[Start of Attachment]

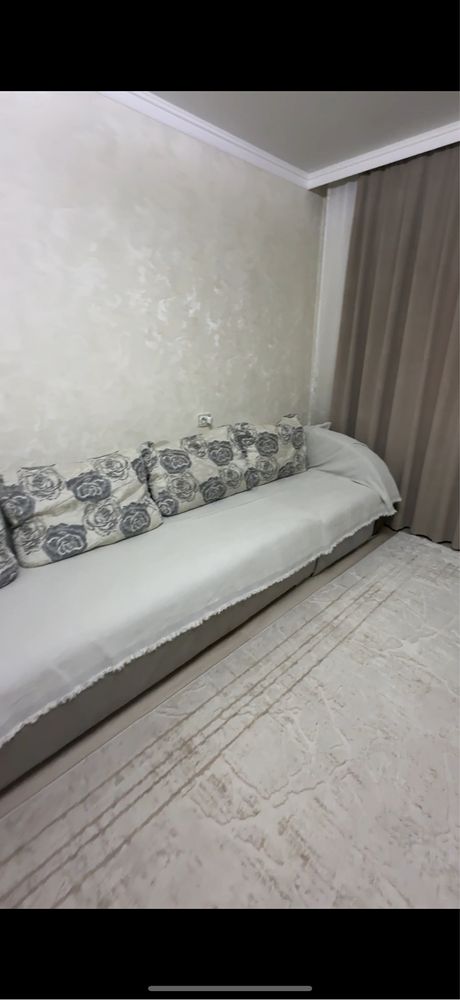 Диван б/у с креслом срочно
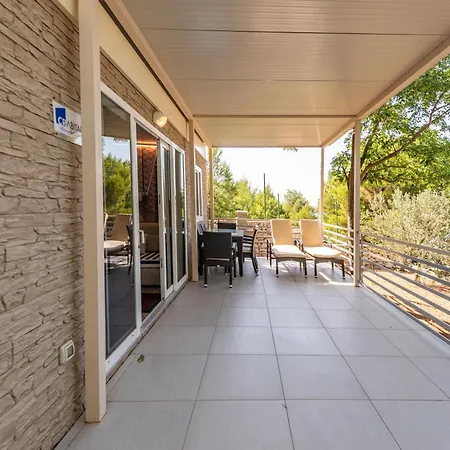 奥扎米拉露营地 假日公园 德拉格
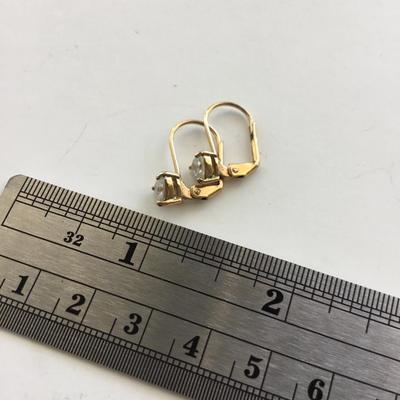 Gold tone fashion unmarked earrings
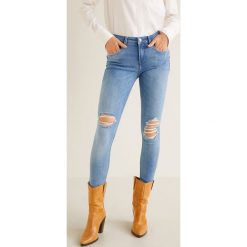 Mango - Jeansy push-up Kimi. Jeansy marki Pepe Jeans. W wyprzedaży za 99.90 zł.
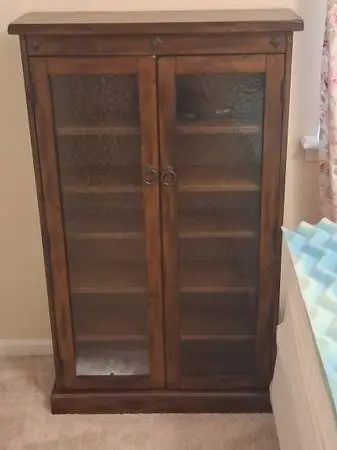 cd or book rack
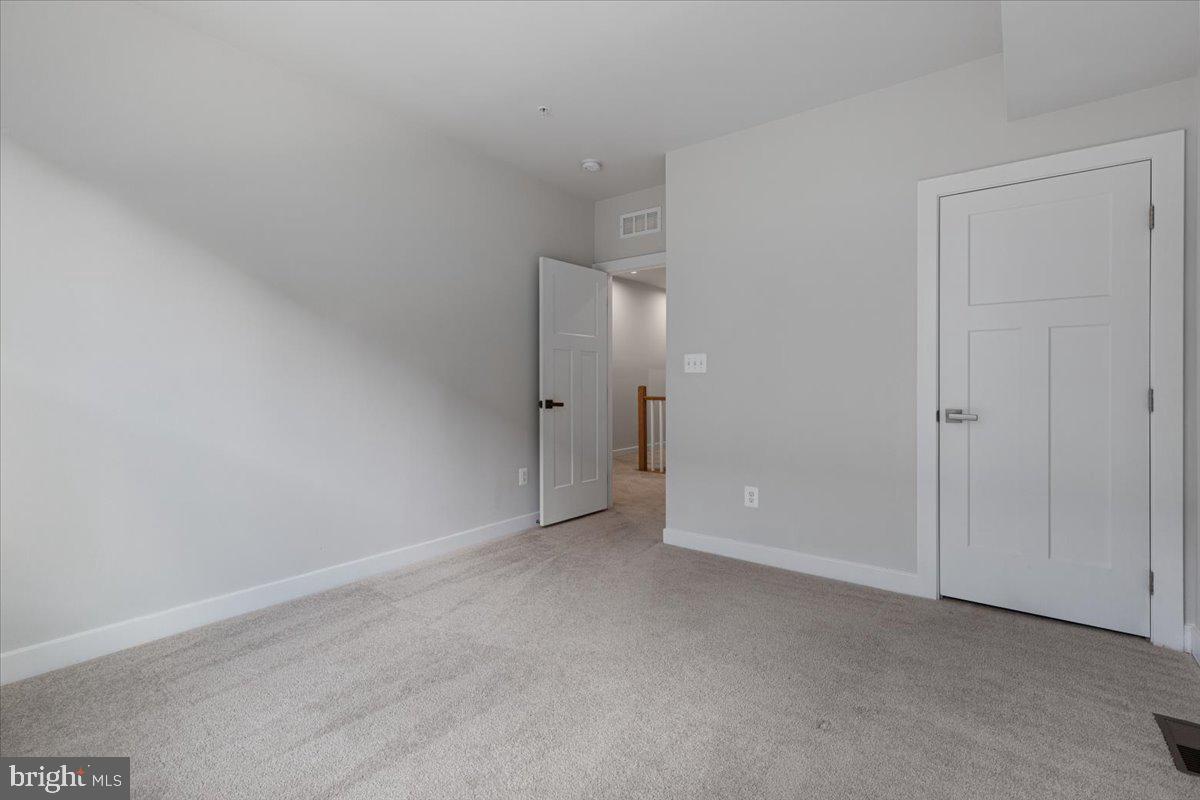 PADDOCK POINTE - Residential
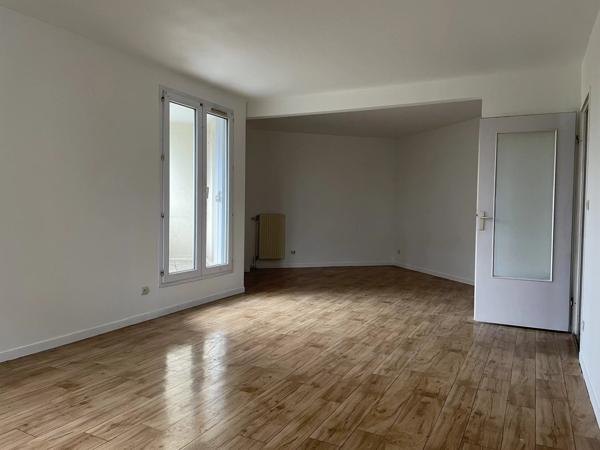 Appartement 78m2  - 4 pièces - balcon et box - EVRY - 91000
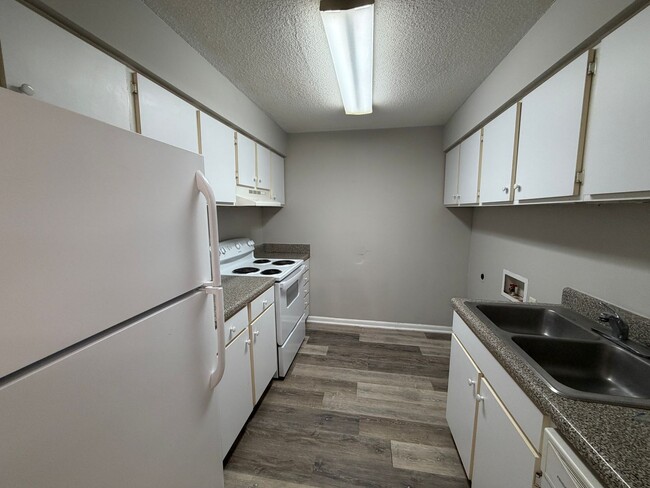 Building Photo - 850 Mallery St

[End of Attachment]

Reproduce, with no pictures, the lines from the one containing "奥扎米拉露营地 假日公园 德拉格" to the end of the records above, exactly and inclusively.

 奥扎米拉露营地 假日公园 德拉格
 Gold tone fashion unmarked earrings
 Mango - Jeansy push-up Kimi. Jeansy marki Pepe Jeans. W wyprzedaży za 99.90 zł.
 cd or book rack
 PADDOCK POINTE - Residential
 Appartement 78m2  - 4 pièces - balcon et box - EVRY - 91000
 Building Photo - 850 Mallery St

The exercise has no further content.